Welcome to Start with a Seed part 6. In part 5, I showed you some of the positive and negative results I’d had with my seedling growing project and a tip for keeping cats away from an indoor green house.
Negatives aside, I’m happy to say I’ve managed to keep some of these seedling babes alive, transplanted into larger containers, hardened off outdoors, and planted into the ground.
Transplanting seedlings into larger containers
For transplanting into larger containers, I used 2 methods.
Method 1: Peat moss containers
One was larger sized peat containers filled with seed starter mix.
Method 2: Plastic cups with drain holes
The other was plastic drinking cups with holes made in the bottom using a heated nail. Ken did this for me. He used a lighter to heat up the tip of the nail and then pokes several holes into the bottom of each cup.
Both of these larger seedling pots worked well; however, I found that the peat cups were harder to keep from drying out. The benefit of the peat cups, on the other hand is that you can plant them directly into the ground. I did use the peat moss containers for starting ornamental grass from seed, and the peat containers worked very well for that application.
Hardening off seedlings outside
For hardening off outside. I started by placing them outside during the day and taking them in at night. I only did this for a few days, then I started covering them up with a plastic tarp and leaving them out all night. This worked well, but there were barely any nights that went below freezing. If there were more of those nights, I don’t think it would have worked so well. Once I was sure the temp was going to be above freezing, I left the plants out without a cover.
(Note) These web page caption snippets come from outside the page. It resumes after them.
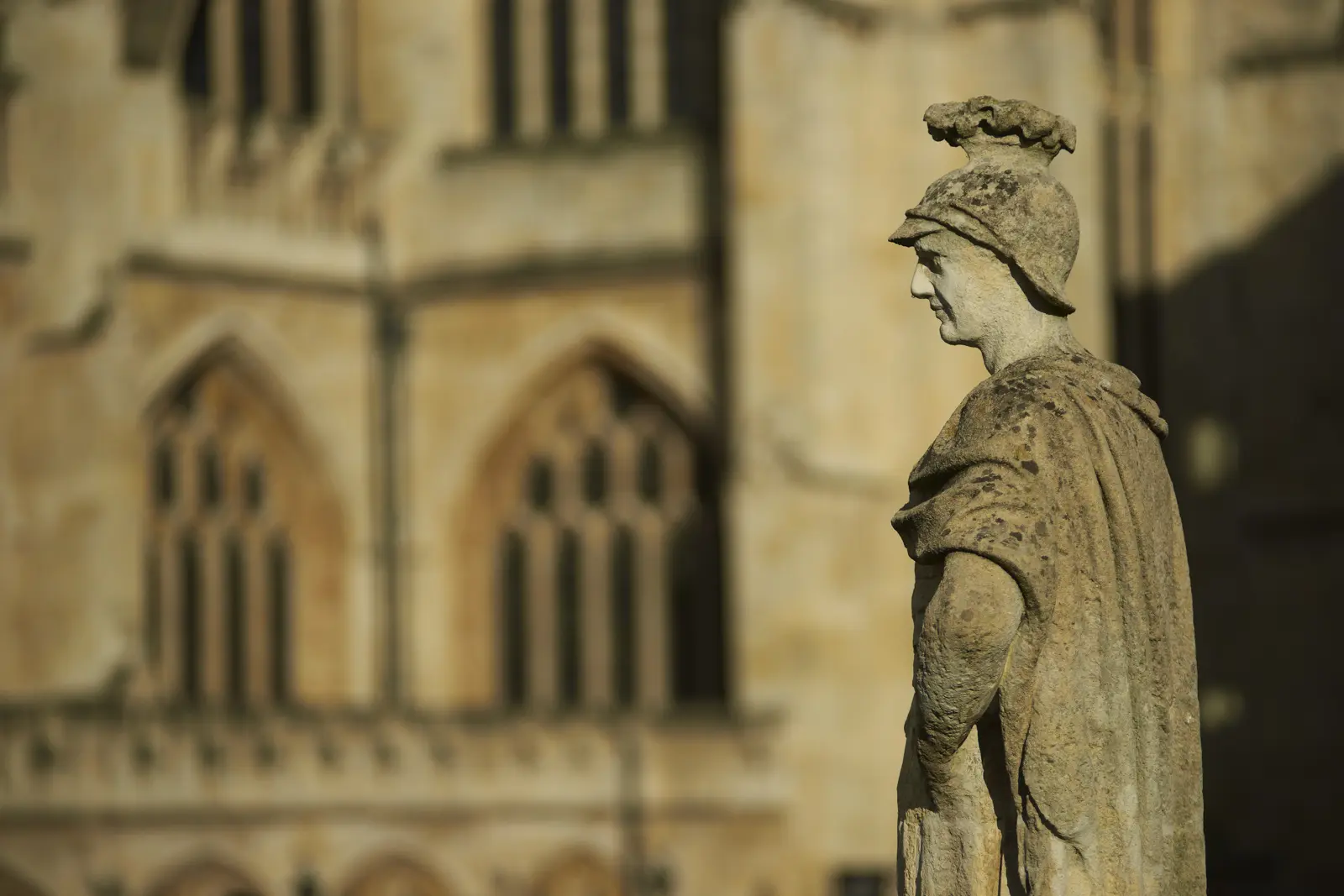 A weathered Victorian stone statue of a helmeted Roman figure in profile on the terrace at the Roman Baths, the Gothic stonework of Bath Abbey blurred behind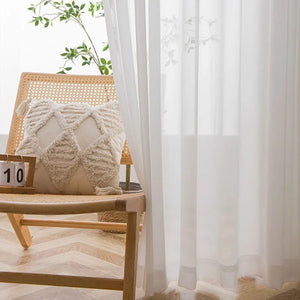 Voilage en tulle blanc suspendu près d'un fauteuil en rotin avec coussin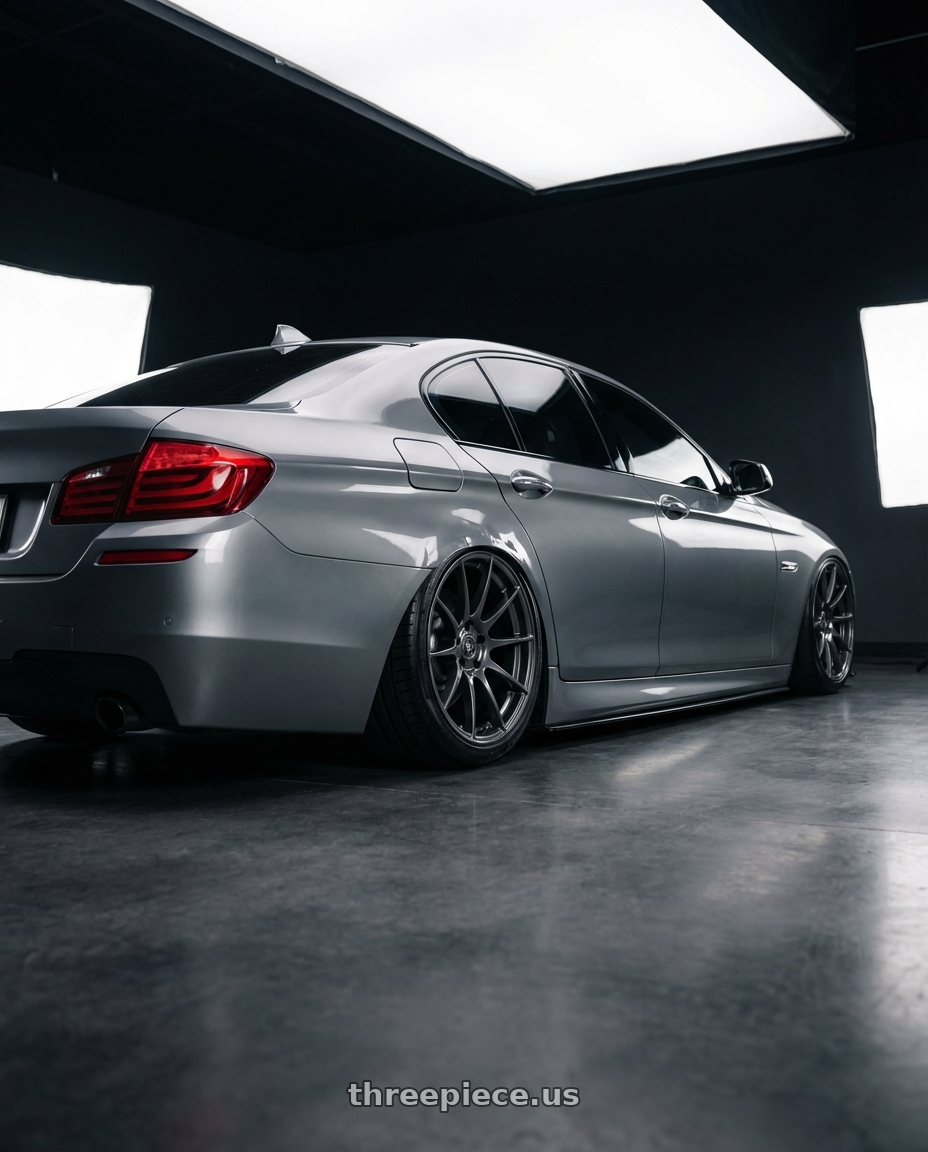 2016 BMW 5 Series F10 with Forgestar CF10 5x120 20x9 +38 Gloss Anthracite wheels rear three quarter view slight stretch tires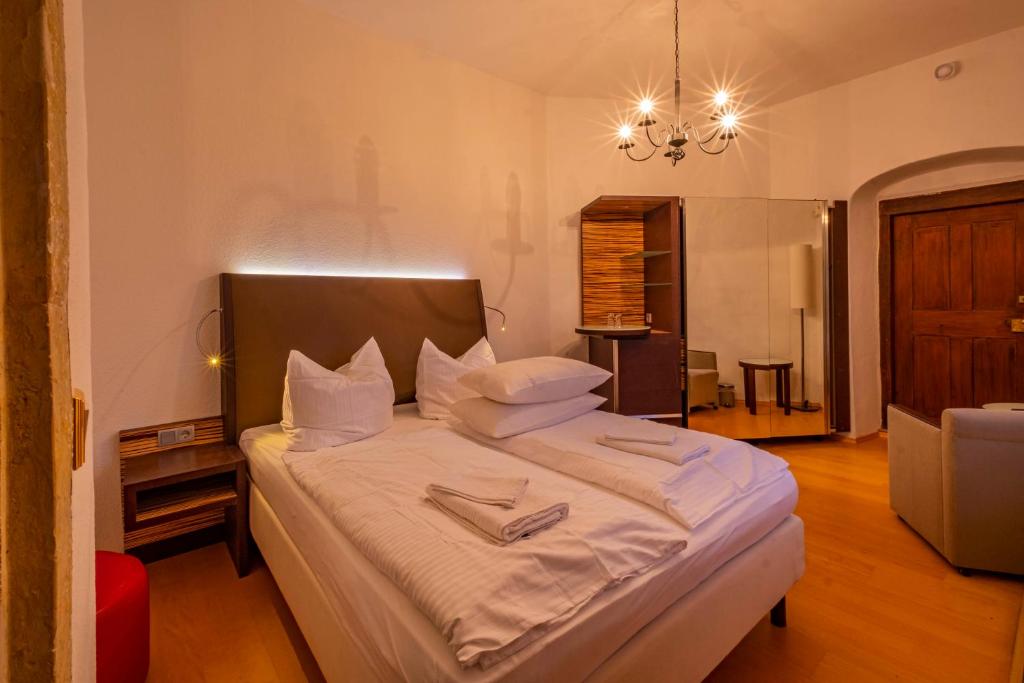 a bedroom with a large bed with white sheets at Wasserschloss Podelwitz in Colditz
Try placing the planters directly onto the ground
When I first put them outside, I kept them in groups in individual bins. I changed this up after the first rain storm. One, because the bins filled with water, and two because I found that the closer to the earth the seedling were, the better they seemed to grow.
Try herding all the planters together in one big group
Here’s one tip that really seemed to help during the “hardening off outdoors” phase: Bunch all your pots and planters together as close as possible. I have found that the seedling don’t like to grow solo, but rather in good company. Most likely this keeps them from drying out. Either way, it seemed to make them happy and produce a better survival rate.
If some seedlings seem to delicate to transplant, try hardening them off in their original container.
There were some seedling that were so small during this transition that I didn’t even try to replant them. I just put them out with the others in their original seed starting containers and let mother nature dictate what would happen.
Guess what, many of the seedling plants that I thought were goners, came to life and have since been planted in the garden.
I’ve even been able to give some away to friends.
I’ll have more on my garden planting coming up soon, as well as before and after pics. If you are doing a garden project, make sure to take your own before and after photos. Being able to see the progress makes for great motivation to keep going.